For its part, however, T-Mobile is standing firm, claiming that its marketing model for the iPhone is correct. In a statement Tuesday, it said that sales of the Apple handset are continuing and that it reserves the right to claim damages from Vodafone.
As was reported yesterday, T-Mobile rival Vodafone Deutschland filed for the motion because it wants the German court to review T-Mobile's exclusive marketing rights to the iPhone in Germany, which it believes are in breach of local German laws.
"We're not taking any plans to replicate these actions anywhere else, or in the U.K.," a Vodafone spokesman told the Journal. "It's a different regulatory environment."
Specifically, Vodafone is objecting to the iPhone being restricted for use only on T-Mobile networks and also questions T-Mobile's fare packages for the iPhone, which are limited to just three.
Vodafone Deutschland chief executive Friedrich Joussen was quoted on Monday as saying his firm's goal was not to prevent sales of the device but rather to allow for consumers to purchase iPhones without restrictions.
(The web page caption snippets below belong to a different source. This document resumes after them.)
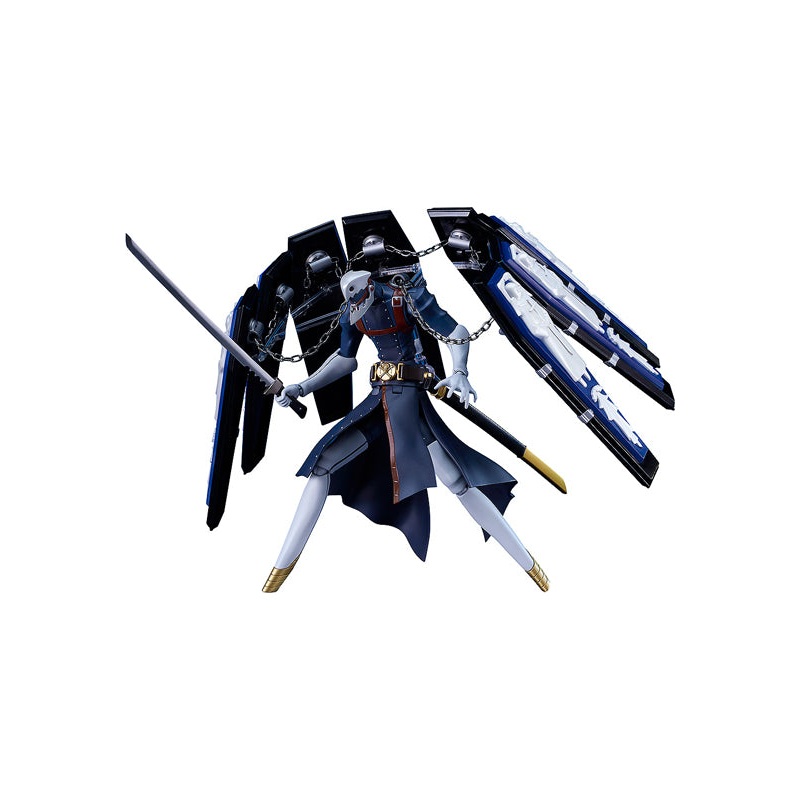 Persona3 Reload Good Smile Company PLAMATEA Thanatos
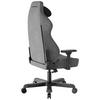 GAMINGSTOL TANK XL - svart/antracit, Modern, metall/textil (80/140/80cm) - Dxracer
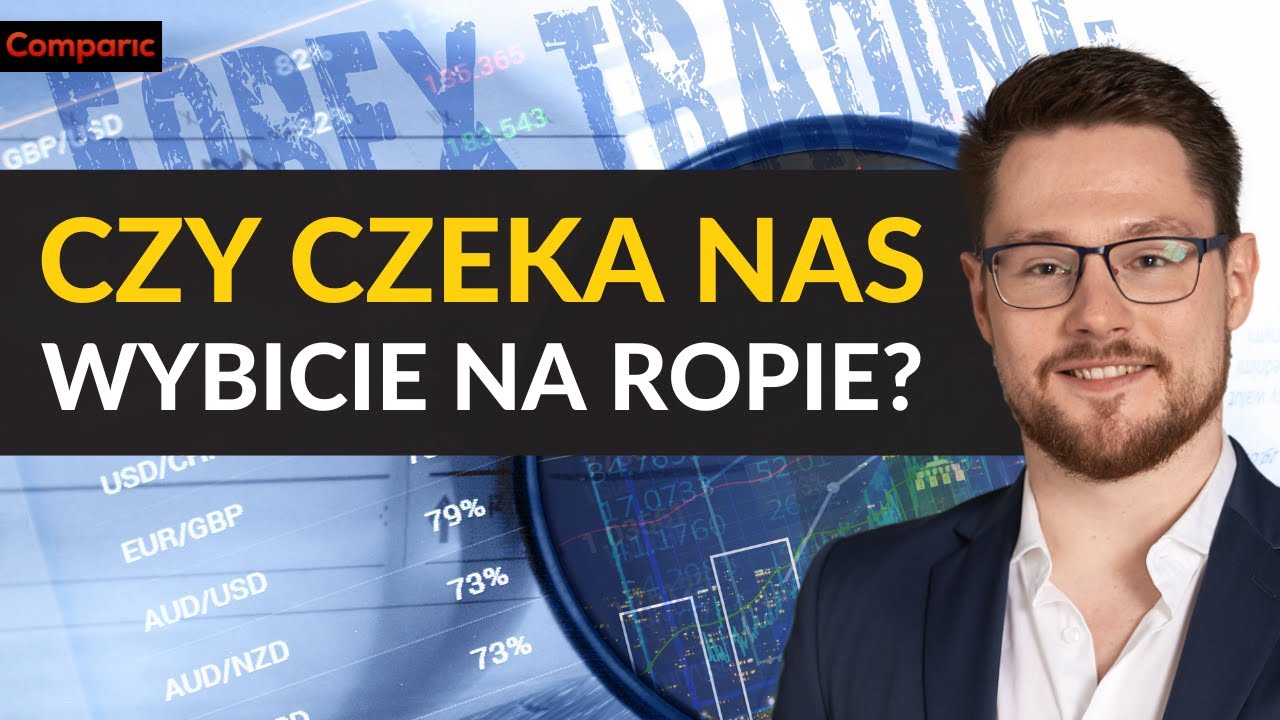 Ropa naftowa wykonała silny ruch wzrostowy | Maksymilian Bączkowski | Poranek z Rynkami 23.10.2025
"We want the iPhone to be available to everyone without being tied to a contract," he said.
Although mobile carriers have historically declined to share service revenues with handset makers, the allure of iPhone has allowed Apple to successfully do just that with AT&T Inc. in the U.S., Telefonica's O2 in the U.K. and Deutsche Telekom's T-Mobile in Germany — garnering what is believed to be an approximate 10 percent share of service revenues in each case.
The Journal notes that Apple tried to secure a similar exclusive deal in France with France Telecom SA's mobile operator Orange, but due to French consumer law other telecommunications companies have been selling the iPhone, offering contracts with rival operators Bouygues Telecom, the telecom division of Bouygues SA, and Virgin Mobile.
In its statement Tuesday, T-Mobile Deutschland said it will oppose the preliminary injunction filed by Vodafone.
71 Comments
No big deal, just charge $1000 for the unlocked one. How much are they charging for the unlocked one in France?
Nice to see Apples reprehensible greed being given the short shrift it deserves. Apple shareholders should seriously question Apples marketing strategy in Europe.
By far the largest segment of the market is pre-paid. Contracts are on the wane. Why on earth does Apple think it can maximise profits by catering to the smallest market segment which is shrinking?
Maybe Apple can change its marketing to 'enhanced usage with <name of provider>'.
The truth is that I would like to see things like visual voice mail be submitted as an extention to GSM. Apple is seeming too much like the negative side of Microsoft, in this case. Apple's attitude in this case may make more European countries bring in laws with regards to exclusivity contracts and cellphones.
The fact T-Mobile is a subsidary of an ex state telecom company (Deutsche Telecom) is likely to bring more attention to the case.
No big deal, just charge $1000 for the unlocked one. How much are they charging for the unlocked one in France?
Apple needs to take their head out of their ass. The iPod wouldn't have been the success it is with this lack of vision. What's going on in France exactly? If France can get it opened up, did they? Germany may very well too. I hope this is the start of a domino effect.
It's nice that a company like Vodaphone can use the law to try to harm another company, rather than just try to compete.